Photographers looking for the ultimate in image quality might avoid zoom lenses like the plague, but the popularity of increasingly long-zoom cameras suggests that some people just can't get enough telephoto reach. If you're in their number, you may find the promise of a recent patent filing by Canon Japan to be rather thrilling.

Admittedly, most patents make for somewhat dry reading, but this one, uncovered by Japanese engineering blog Egami, suggests that Canon could soon offer a camera with close to a 100x zoom range. (Given that the existing Canon SX50 HS sports a ~50x zoom, Egami cheekily suggests the name Canon SX100 HS for a followup, tagging its image on the lens diagram with the moniker.)

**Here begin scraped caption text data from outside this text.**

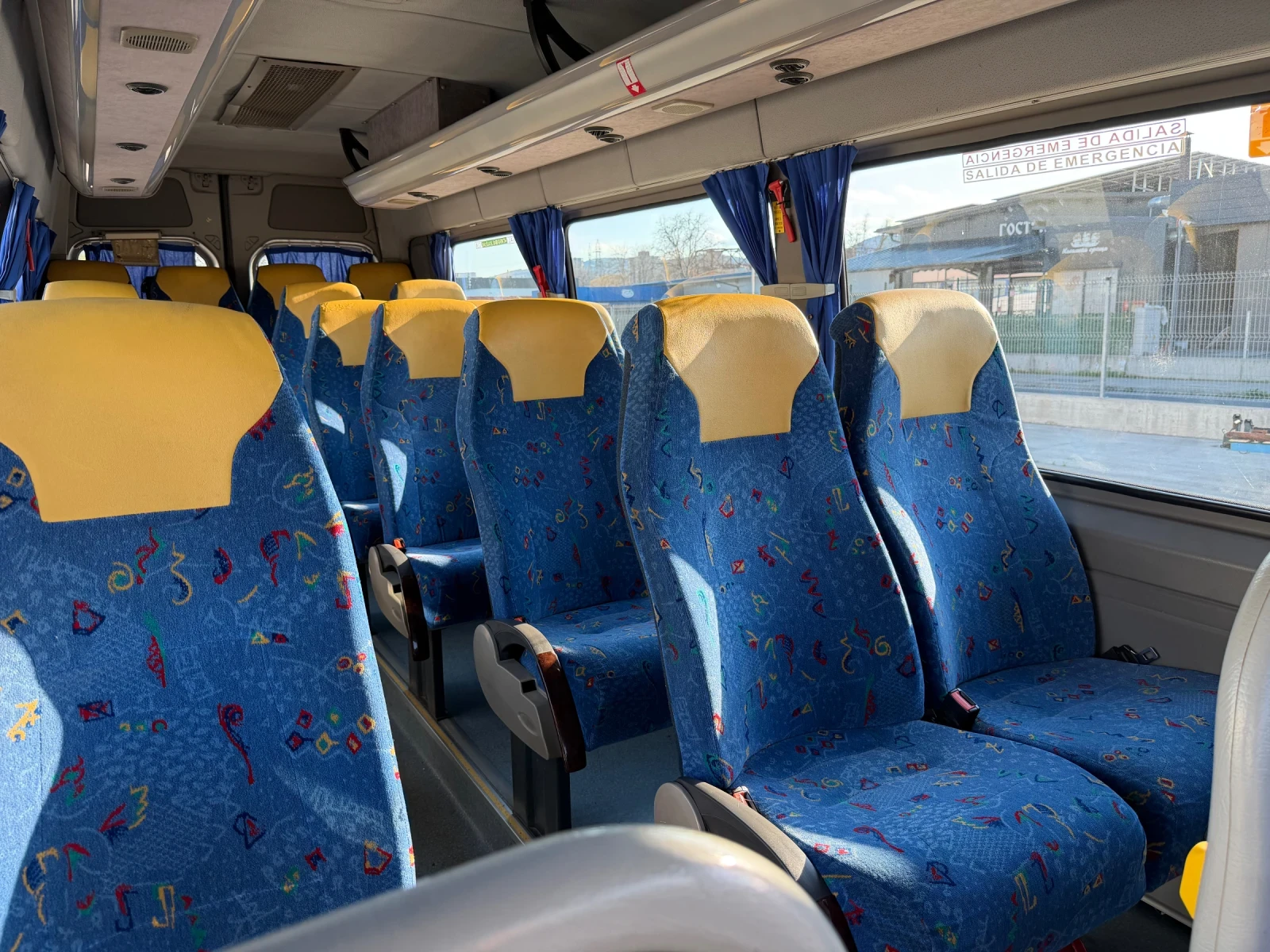 Mercedes-Benz Sprinter 515 Нов внос!клима, 20 места!!, снимка 8 - Бусове и автобуси - 54114605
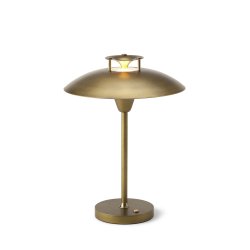 Stepp 1-2-3 - Portable Bordlampe - 22 - Antique Brass - Halo Design
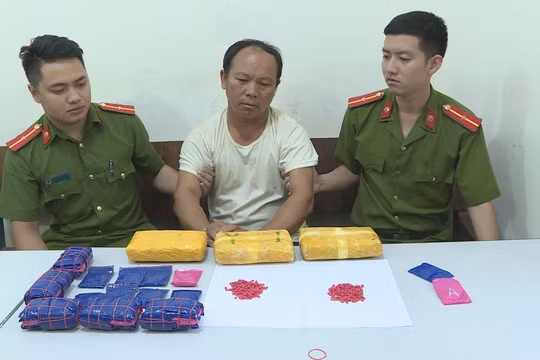 Sơn La: Bắt giữ đối tượng vận chuyển trái phép 30.000 viên ma túy tổng hợp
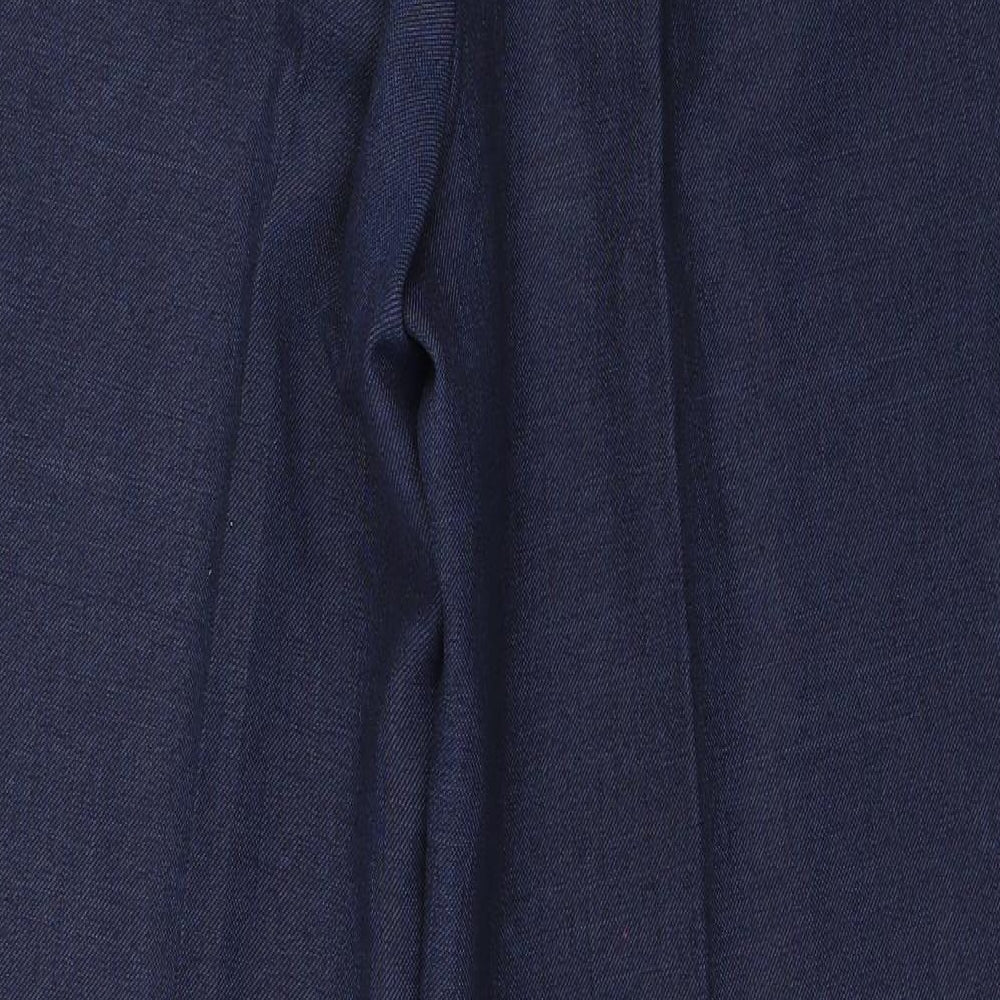 Marks and Spencer Womens Blue   Dress Pants Trousers Size 12 L26 in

But could this be a step too far? Ultrazoom cameras currently top out at 60x zoom with Panasonic's DMC-FZ70 / FZ72, and they already provide an extreme challenge to lens designers. The longer the lens gets, the tougher that challenge becomes -- which means even greater compromise in terms of image quality and lens characteristics. And that certainly seems to be the case here, with a maximum aperture that falls from f/3.5 at the 3.6mm actual wide angle to just f/9.0 at the 340mm telephoto. (35mm-equivalent focal lengths would depend on the image sensor size used, and the image circle isn't stated, so we can't yet calculate these.)

 
Optical diagram for the Canon-designed 94.4x zoom lens, from the Japanese patent filing.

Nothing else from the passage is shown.